Presto and the other similar query engines can be viewed as faster versions of Hive, the data warehouse framework for Hadoop that Facebook developed a number of years ago. Facebook and many other Hadoop users still rely heavily on Hive for batch-processing jobs such as management reporting, but recently there has been a demand for a mechanism letting users perform ad hoc, exploratory queries on Hadoop data similar to how they might do them using a massively parallel relational database.
One very attractive characteristic of Presto is that it is 10 times faster than Hive for most queries, according to Facebook software engineer Martin Traverso in a blog post detailing the news.

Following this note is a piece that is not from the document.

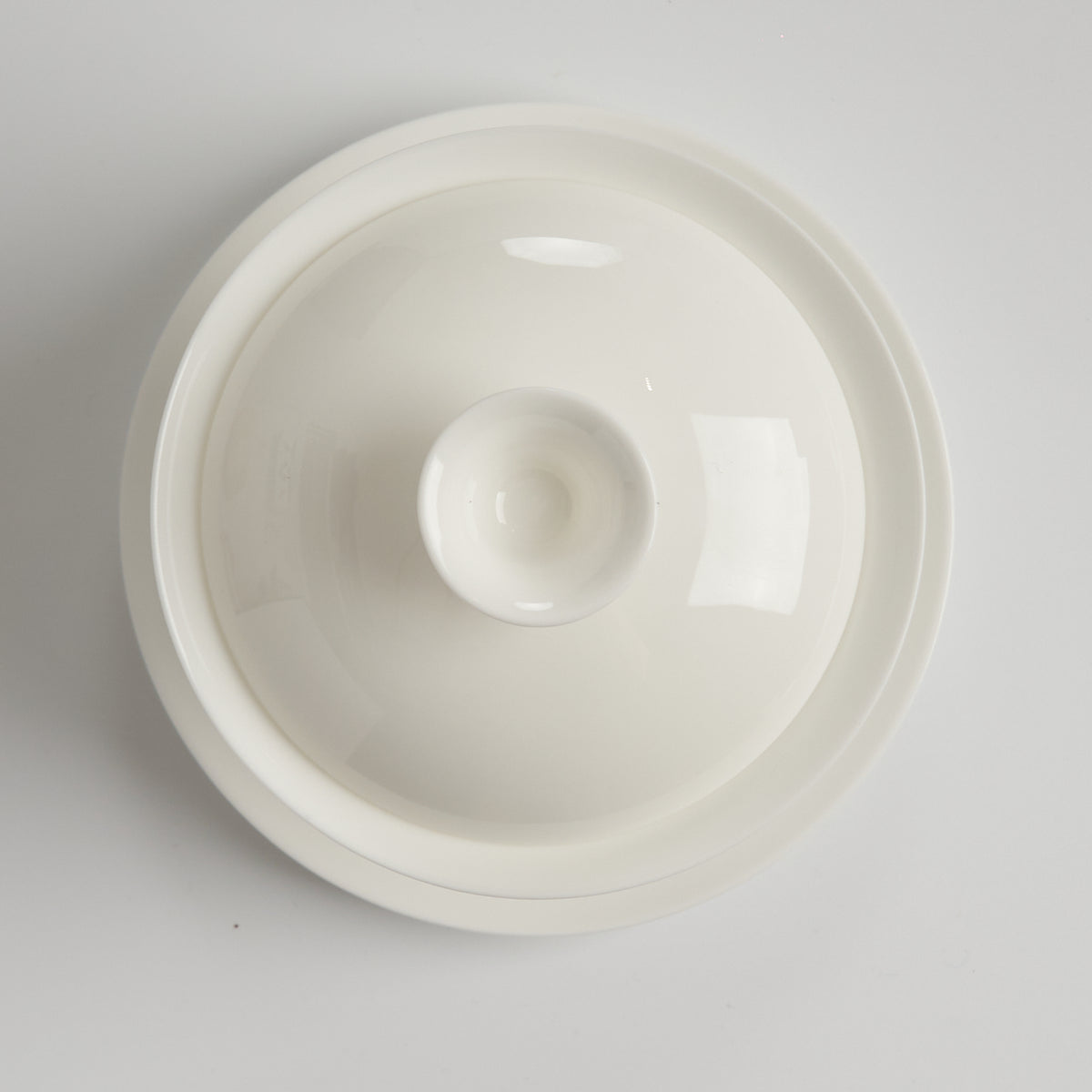 Translucent bone china trumpet-rim gaiwan, top-down closed view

Under the hood, Presto and Hive are quite different because the former relies on MapReduce to carry out its processing and the latter does not. This is by and large the difference that makes Presto suitable for low-latency queries while the MapReduce-based Hive can take significant time, especially with Facebook’s many petabytes of data, because it must scan everything in the cluster and requires lots of disk writes. Presto also works with a variety of non-HDFS data sources and uses ANSI SQL compared with Hive’s “SQL-like” language. Here is a high-level view of the Presto architecture:
Presto is currently running in numerous Facebook data centers and it is reported the company has scaled a single cluster up to 1,000 nodes. More than 1,000 employees run queries on Presto, and they do more than 30,000 of them per day over a petabyte of data.
Facebook isn’t necessarily looking to compete with other open source SQL projects and it will likely go along using and improving Presto at its own pace regardless what happens in the industry. But increased interest in Presto could inspire the various Hadoop vendors to change their strategies when it comes to the SQL engines they support.